Of my own maps of this region, I posted a selection just over a year ago on the Forum here. Unfortunately, this was shortly before the Forum underwent a major revamp to its current incarnation, so the post now looks rather a mess, as we had to embed images rather differently then, using an "[Image_12345]" coding notation, but the images are all still there, just no longer where they were meant to be in relation to the text, so you have to hop up and down to get the full gist properly.
As for references, a couple of atlases I found extremely helpful when I was starting out might be of interest, if you haven't come across them yourself as yet, and a couple of texts.
- Michael Roaf's Cultural Atlas of Mesopotamia and the Ancient Near East (published in 1990), which I was thrilled to discover on checking this evening is NOW FREELY AVAILABLE TO DOWNLOAD COMPLETE (!!!), and with a string of appended corrections, thanks to the kind offices of its author, via the Academia website, as of 2017! Link. I think you will need a (free to join) Academia membership to download the full PDF, but that isn't too onerous. For all its date, it is an astonishingly inspirational work in my opinion.
- The Barrington Atlas of the Greek and Roman World edited by Richard Talbert (2000), which unfortunately isn't available online yet, though it is available for iPad as a download (as of 2013). Otherwise, the hardback version is available to purchase alternatively, which I think still comes with an additional CD-ROM, according to some comments I found online (the library copy I borrowed more than a decade ago had one), including this Wikipedia page, although some of the links from that are now broken. GBP prices (brace yourself!) for the hardback start at about 265 GBP (Amazon UK lists), but the iPad version is a less fearsome circa 15 GBP instead (albeit you'll also need an iPad, so swings and roundabouts...). The Princeton University Press pages for these are here: hardback version -- iPad version. The related Ancient World Mapping Centre website is probably worth a visit as well, albeit they've been having major site issues this year, so a number of links don't work currently. Most of their Free Map pages are still functioning, however, and are certainly worth a look too. The Atlas is another astonishing work, if for a somewhat later period than Roaf's text.
- Civilizations of the Ancient Near East edited by Jack Sasson (1995) is a monumental four-volume collection of specialist essays on all manner of topics for the region. The length and quality of individual contributions can be variable at times, but it is a wonderful means to find out at least some basics on a vast array of topics, with follow-up references to help get you started looking for more. Irritatingly, I can't even find an online description or a complete review of it, though I suspect barring extreme good fortune, it will mean accessing a library copy now anyway.
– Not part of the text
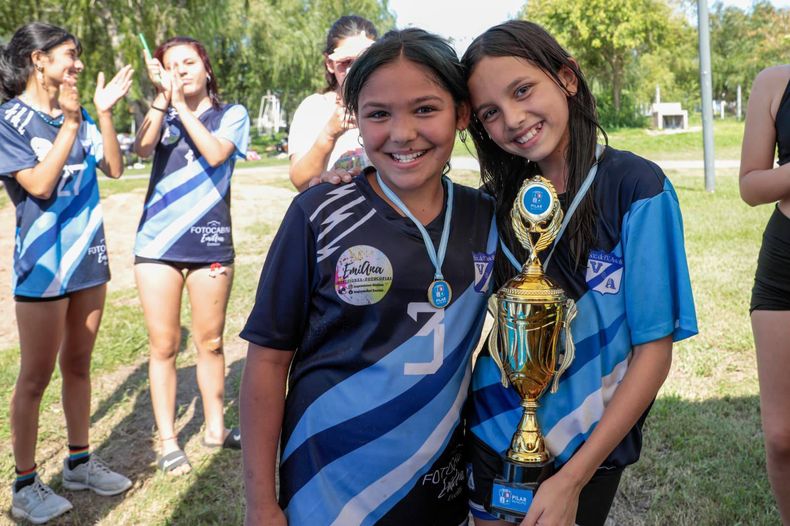 CAMPEONAS Solange Araujo y Ayeln Fail ganaron en la categora Sub 15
- Ancient Iraq by Georges Roux (1993) is probably THE classic single-volume introductory text to the region and period. It is, incredibly, and despite its date, still currently in print! You can also find it available to borrow or purchase via the Internet Archive here (limited preview version otherwise).
This has taken a lot longer than I'd expected to compile today, so I won't try to say more; there's enough to be going on with already, I suspect in this little lot!